David, per Caos calmo 18 candidature

Dopo le polemiche con il mondo cattolico e gli ottimi risultati al botteghino, la pellicola scandalo di Antonello Grimaldi, "Caos calmo", ha ricevuto diciotto nomination al David di Donatello

Roma - Il film-scandalo di Grimaldi, "Caos calmo", è "l’asso pigliatutto" dell’edizione 2007-2008 dei David di Donatello. Con diciotto nomination, precede di poco gli ultimi film di Soldini e Molaioli che hanno ottenuto 15 candidature ciascuno.

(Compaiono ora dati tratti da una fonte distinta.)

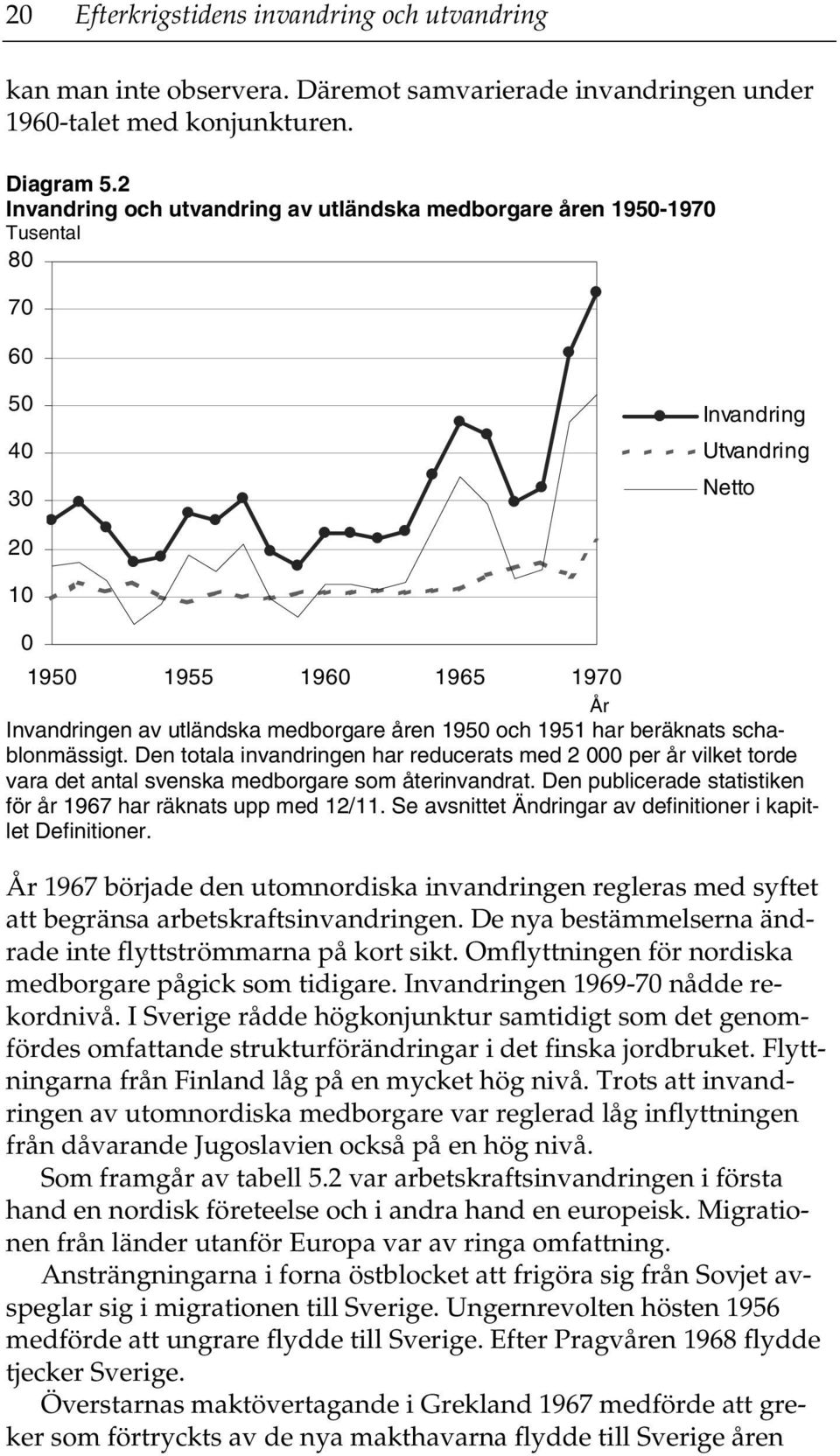 1950 och 1951 har beräknats schablonmässigt. Den totala invandringen har reducerats med 2 000 per år vilket torde vara det antal svenska medborgare som återinvandrat.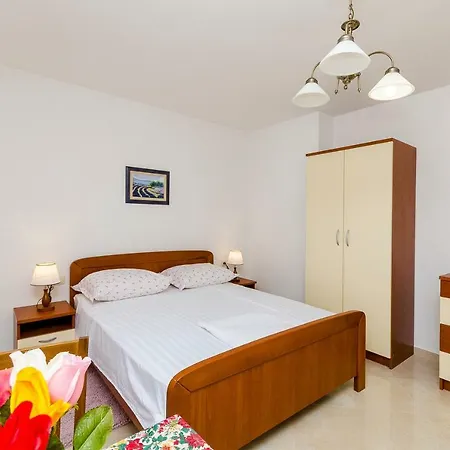 Ivan * Τρογκίρ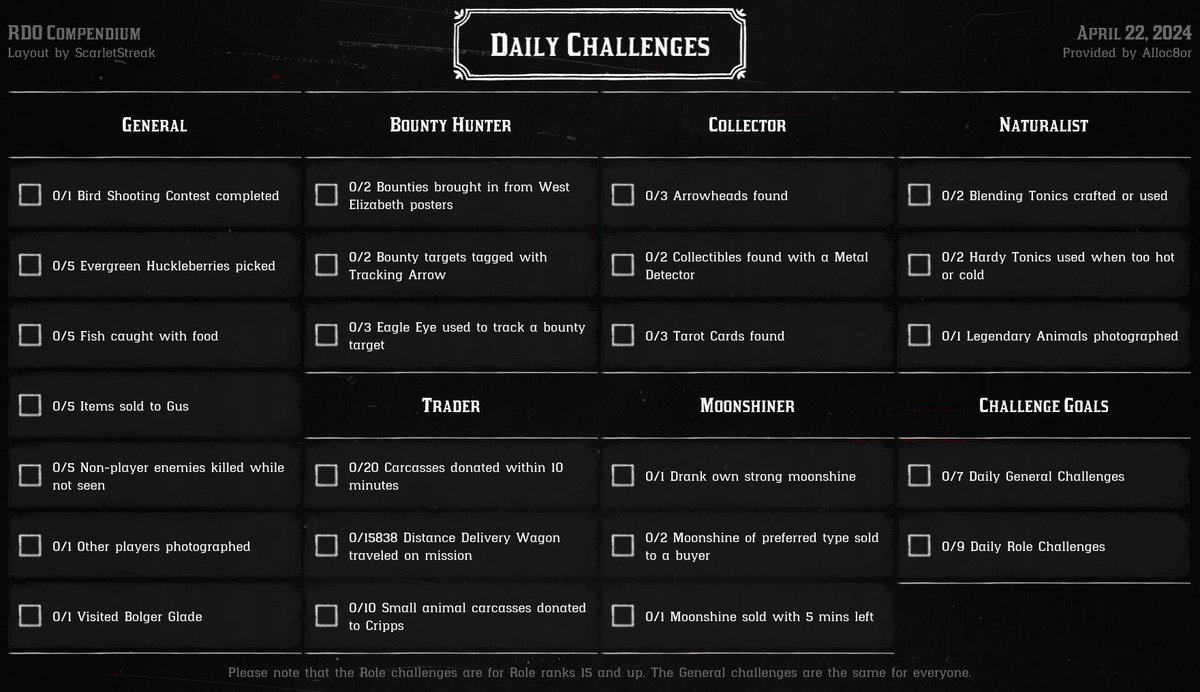 April 22, 2024's Daily Challenges have been brought to you by Doc Crockett's delightful Miracle Tonics. Unequalled anywhere!

#RedDeadOnline #DailyChallenges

Le candidature al David "Caos calmo" di Antonello Grimaldi con Nanni Moretti contenderà il David di Donatello, l’oscar del cinema italiano, a "Giorni e nuvole" di Silvio Soldini, "La ragazza del lago" di Andrea Molaioli, "La giusta distanza" di Carlo Mazzacurati e "Il vento fa il suo giro" di Giorgio Diritti. Nella cinquina per il miglior regista Cristina Comencini ("Bianco e nero") se la vedrà con Grimaldi, Mazzacurati, Molaioli e Soldini. Per quanto riguarda i migliori attori protagonisti Antonio Albanese ("Giorni e nuvole") sfiderà Lando Buzzanca ("I Vicerè"), Nanni Moretti ("Caos calmo"), Kim Rossi Stuart ("Piano, solo") e Toni Servillo ("La ragazza del lago"). La cinquina delle migliori attrici è composta da Anna Bonaiuto ("La ragazza del lago"), Margherita Buy ("Giorni e nuvole"), Antonia Liskova ("Riparo"), Valentina Lodovini ("La giusta distanza") e Valeria Solarino ("Signorinaeffe"). La cerimonia di premiazione si svolgerà il 18 aprile all’Auditorium Conciliazione di Roma e sarà presentata da Tullio Solenghi. Gian Luigi Rondi ha anche annunciato David di Donatello speciali per Luigi Magni, che ha appena compiuto 80 anni, Carlo Verdone "per trent’anni di carriera" e Gabriele Muccino per aver diffuso egregiamente il cinema italiano negli Usa.

Tra polemiche e botteghini sbancati Grande attesa. Polemiche a non finire con il mondo cattolico per una scena di sesso troppo spinto. E un successo di incassi. Grimaldi brinda con la coppia Nanni Moretti e Isabella Ferrari alla fortunata pellicola "Caos calmo", ora candidata a ben 18 David di Donatello. Ancor prima dell'uscita nelle sale cinematografiche, l'ultimo film di Grimaldi aveva sollevato numerose proteste per alcune scene "rubate" riprese sul set con un telefonino. Dopo un primo attacco di Famiglia Cristiana erano infatti arrivate dure critiche anche dal responsabile della Cei per la pastorale giovanile, don Nicolò Anselmi. Immediata la reazione dell'attore: "Siamo tornati al concilio di Trento". Un modo come un altro per farsi pubblicità: i botteghini hanno confermato il buon esito della sortita.